◆ **Exercise**: From the first line of the listing to the last, set down everything exactly, but skip the images.

◆ **Data shown**:
[Start of section]

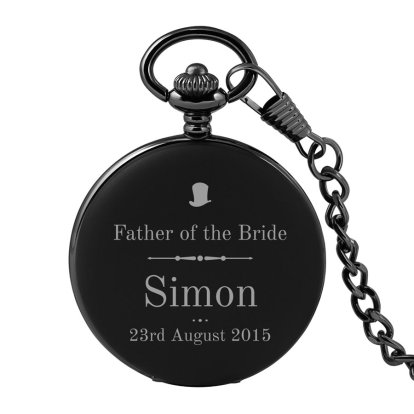 Personalised Black Pocket Watch - Father of the Bride Top Hat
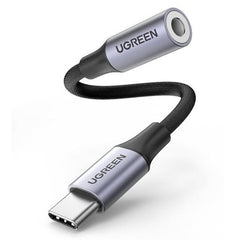 UGREEN 80154 USB-C TO 3.5MM M/F HEADPHONE ADAPTER, ALUMINUM SHELL WITH BRAIDED 10CM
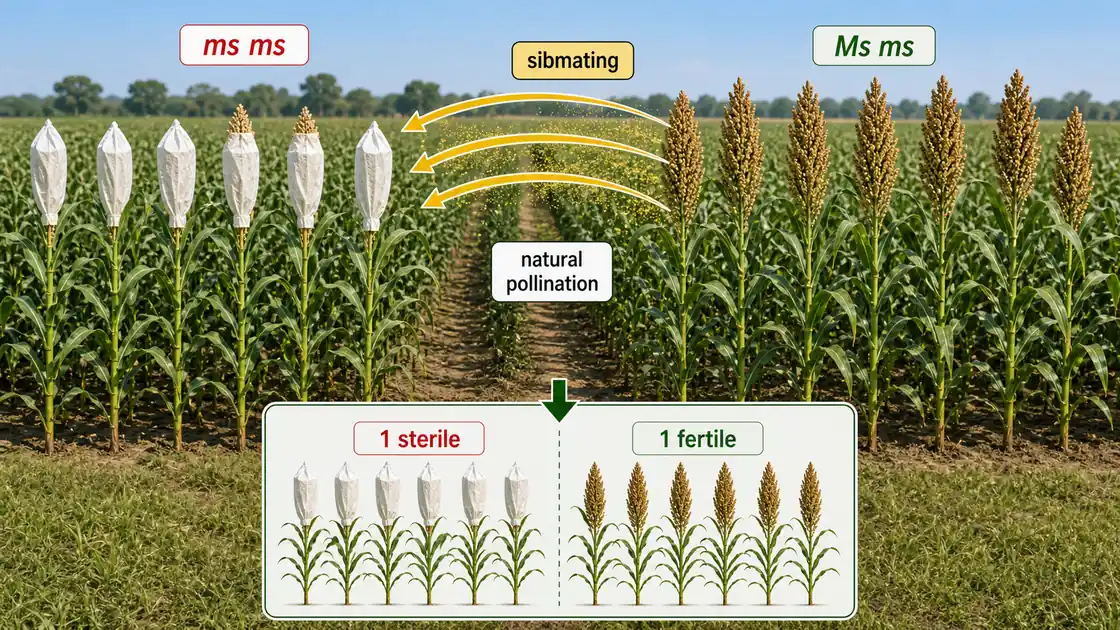 Sibmating logic for maintaining a genetic male sterile line showing ms ms sterile plants pollinated by Ms ms fertile siblings to produce a one sterile to one fertile ratio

[End of section]

◆ **Answer for this exercise**:
 Personalised Black Pocket Watch - Father of the Bride Top Hat
 UGREEN 80154 USB-C TO 3.5MM M/F HEADPHONE ADAPTER, ALUMINUM SHELL WITH BRAIDED 10CM
 Sibmating logic for maintaining a genetic male sterile line showing ms ms sterile plants pollinated by Ms ms fertile siblings to produce a one sterile to one fertile ratio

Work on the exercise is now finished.